Midwest Today, March 1994
In a 575-page book released recently by the Macmillan Publishing Co., entitled "The Five Gospels: What Did Jesus Really Say?" the authors contend the following:
John Dominic Crossan, a co-founder of the Jesus Seminar in 1985 and professor of Biblical studies at DePaul University in Chicago, says that "The image that comes out of our work is not a Jesus who was an apocalyptic visionary as much as he was a social revolutionary." He claims Jesus did not even say about 80-percent of the words attributed to him in the gospels of Matthew, Mark, Luke and John.
"I find this hard to believe," counters Rev. Ed Duncan, pastor of the Farmington (MI.) First United Methodist Church. "Most people of faith will continue to use the Bible and will continue to find most of the sayings of Jesus very helpful in confronting life today."
Crossan's co-chairman, Robert Funk, said the new image of Jesus that the group found was "an itinerant sage. He wandered around and had no permanent address as far as we can tell.
"He seems to have been a social radical and he had a sense of humor," Funk insists. "He seems to have said a lot of things with a twinkle in his eye, like telling people that they should not be concerned about the speck in their neighbor's eye when they've got a whole timber stuck in their own."
The Rev. Edgar Vann, pastor of Second Ebenezer Baptist Church in Detroit, dismissed the Jesus Seminar as being "part of a movement to trivialize religion and to minimize its power in society."
Perhaps surprisingly, a majority of the scholars involved in the project are members of Christian churches, who banded together to do research, fearing their controversial work could cost them their jobs.
Even so, the scholars timorously avoided drawing conclusions about the two most important Christian tenets: That Jesus was the son of God and that he rose from the dead.
Participants in the Jesus Seminar examined the approximately 1,500 sayings attributed to Christ on the basis of historical records, and compared ancient copies of the gospels. They also looked at a fifth ancient document, the so-called Gospel of Thomas, which was discovered in Egypt in 1945.
They discounted some of Jesus' sayings because the versions differed from one account to another, or did not appear to fit chronologically into Jesus' life.
As some adherents to the Christian faith grudgingly admit, facts concerning Jesus and his life are remarkably hard to come by. The gospels don't even tell us what he looked like.
Of the details of Jesus' life, one scholar calculated that, with the exception of the 40 days and nights in the wilderness (of which we are told virtually nothing), everything described in the gospels could be compressed into three weeks, which leaves by far the greater part of Christ's life unrecorded.

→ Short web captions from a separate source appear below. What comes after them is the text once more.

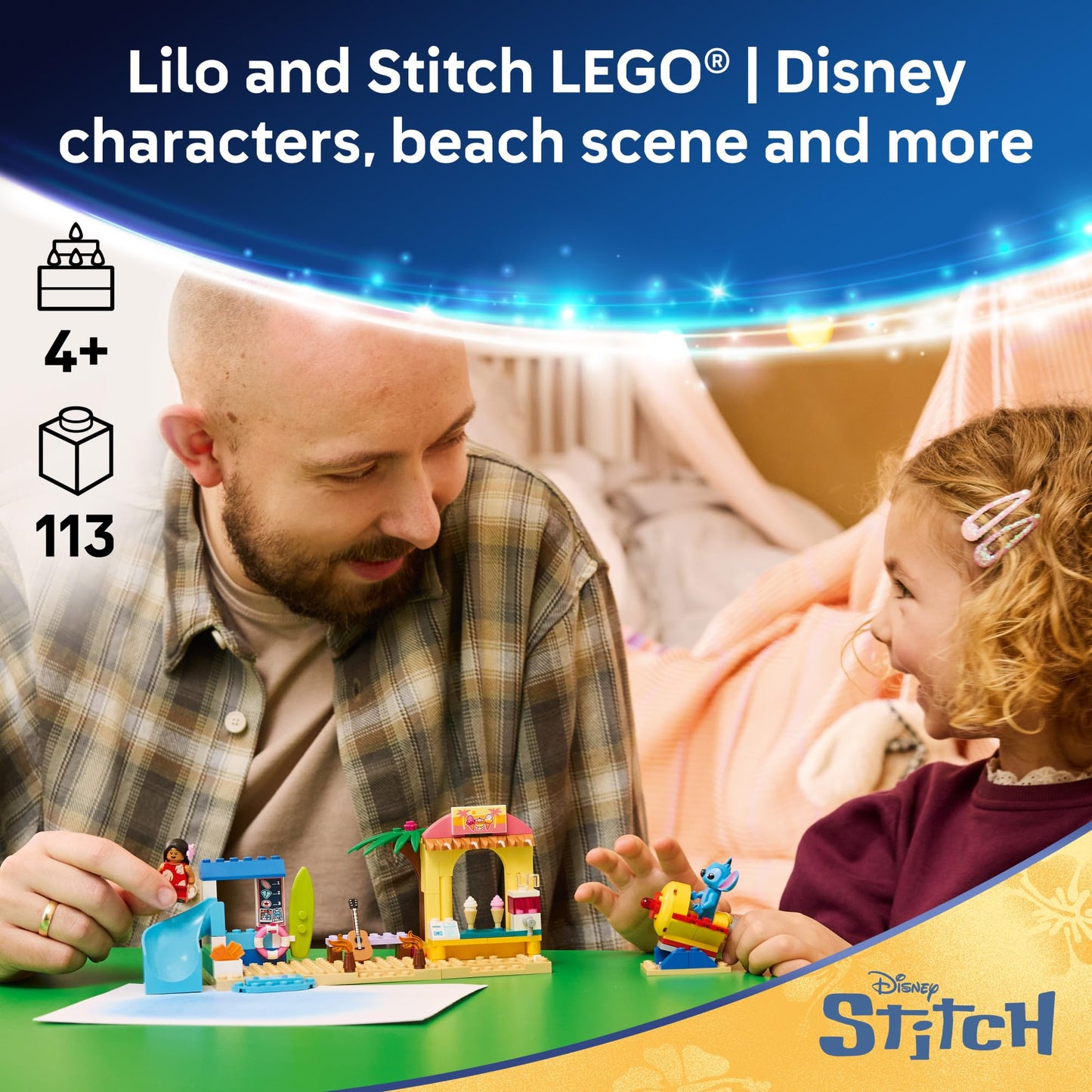 LEGO Disney Beach Fun with Lilo & Stitch 43280
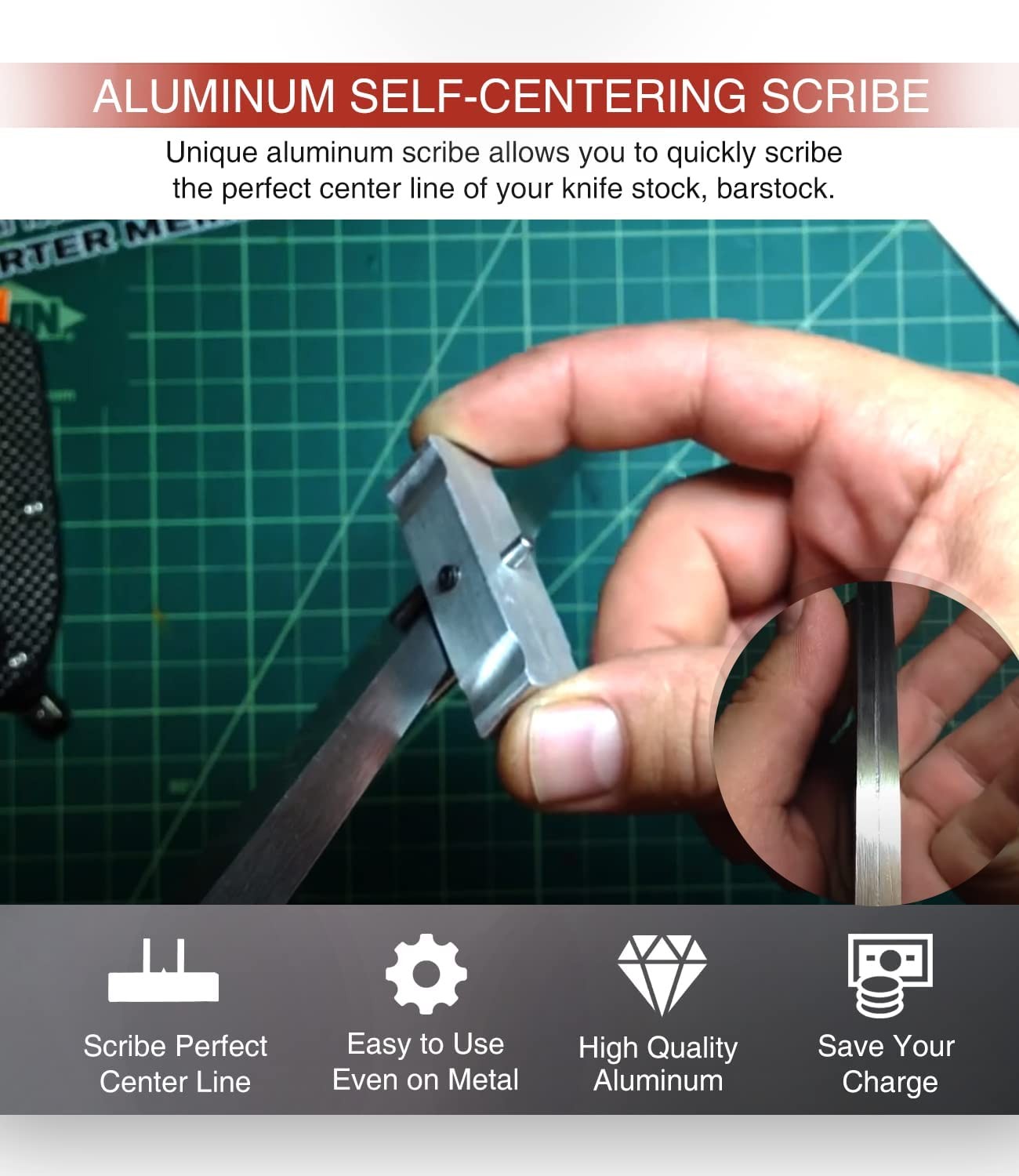 Knife Making Wood Metal Scribe Tool Precision Height Gauge Scriber Center Finder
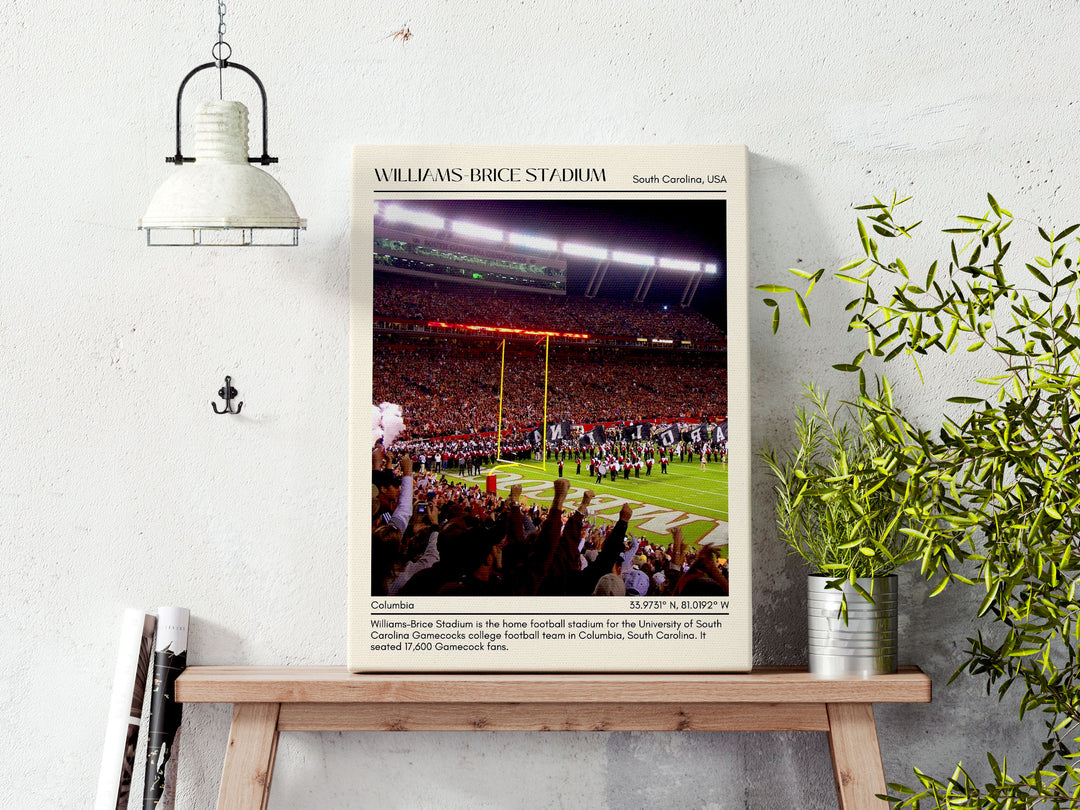 Williams-Brice Stadium Football Minimal Wall Art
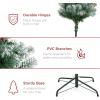 imageBest Choice Products 6ft PreDecorated Holiday Christmas Tree for Home Office Party Decoration w 1000 PVC Branch Tips Partially Flocked Design Pine Cones Metal Hinges ampamp Base75ft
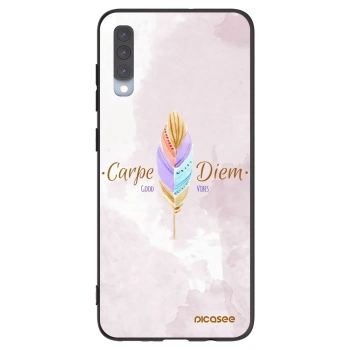 Picasee silikonski črni ovitek za Samsung Galaxy A70 A705F - Carpe Diem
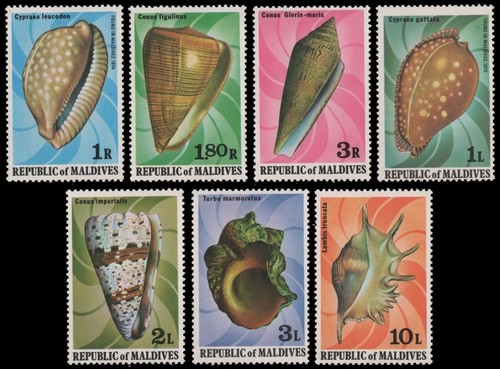Maldives 1979 no 808 814 - 1979, mi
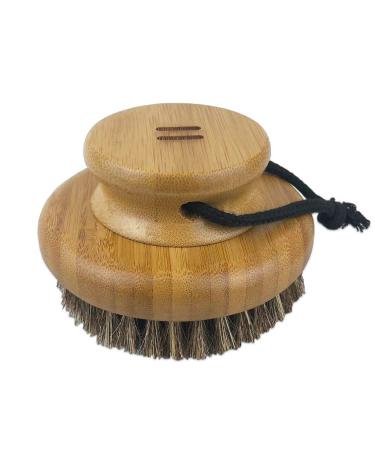 SudoreWell high-quality body brush bath brush made of bamboo wood with natural hair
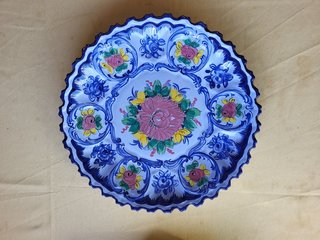 Prato Cerâmica Alcobaça 32cm Florido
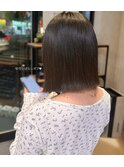 切りっぱなしボブ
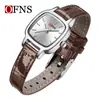 Reloj de Cuarzo Ofns Estilo Simple Correa Reloj de Estudiante Resistente al Agua Nicho Reloj de Gama Alta Reloj de Cuarzo para Mujer Venta al por Mayor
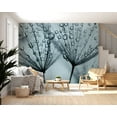 thumbnail image 3 of Tiptophomedecor Floral Wallpaper Wall Mural - Turquoise Dandelion, 3 of 6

Doubting Thomases also point out the supposed lack of references to Jesus outside the gospels, but actually, this is a misnomer. The Jewish historian Josephus, born in 37 or 38 A.D. and educated as a Pharisee, completed two very detailed works (authenticated by archaeology), and made mention of Jesus. So did the great second-century Roman historian Tacitus, who referred to "Christ, [who] had been executed...by the governor of Judaea, Pontius Pilate."
Yet as participants in the Jesus Seminar, and skeptics before them, have pointed out, there are vexing areas of uncertainty and conflict. For instance, according to Matthew's gospel, the news of Jesus' impending birth is conveyed to Mary's husband, Joseph, in a dream, while according to Luke it is told directly to Mary by the "Angel Gabriel." According to Luke, Jesus' parents had to travel from their home in Nazareth to Bethlehem for the Roman census, while according to Matthew they lived in Bethlehem already, and were only obliged to leave when, in an incident which has no historical corroboration, King Herod began killing off the children. Although in Luke Jesus is represented as God's son by Mary, his ancestry is illogically traced back to King David via his human father Joseph. While Matthew's gospel similarly gives Jesus' genealogy via the male line, it provides a list of antecedents so different from those in Luke that even Joseph's father appears with a different name.
The Jesus Seminar participants note that halfway through the Gospel of Mark, Jesus supposedly tells disciples that they should "take up their cross." That doesn't make sense, the scholars concluded, because Jesus had not yet been crucified and the cross did not yet have a symbolic meaning.
It can also be argued that Paul, one of the preeminent writers of the Bible, displayed a lamentable ignorance of any details of Jesus' Earthly life. Paul does not name Jesus' parents, where he was born, where he lived, even when he lived. Although his writings comprise a substantial proportion of the New Testament, they contain no mention of Jesus' parables or miracles. On his own admission, Paul never knew the human Jesus, and based his whole faith on a vision he claimed to have received of the resurrected Jesus.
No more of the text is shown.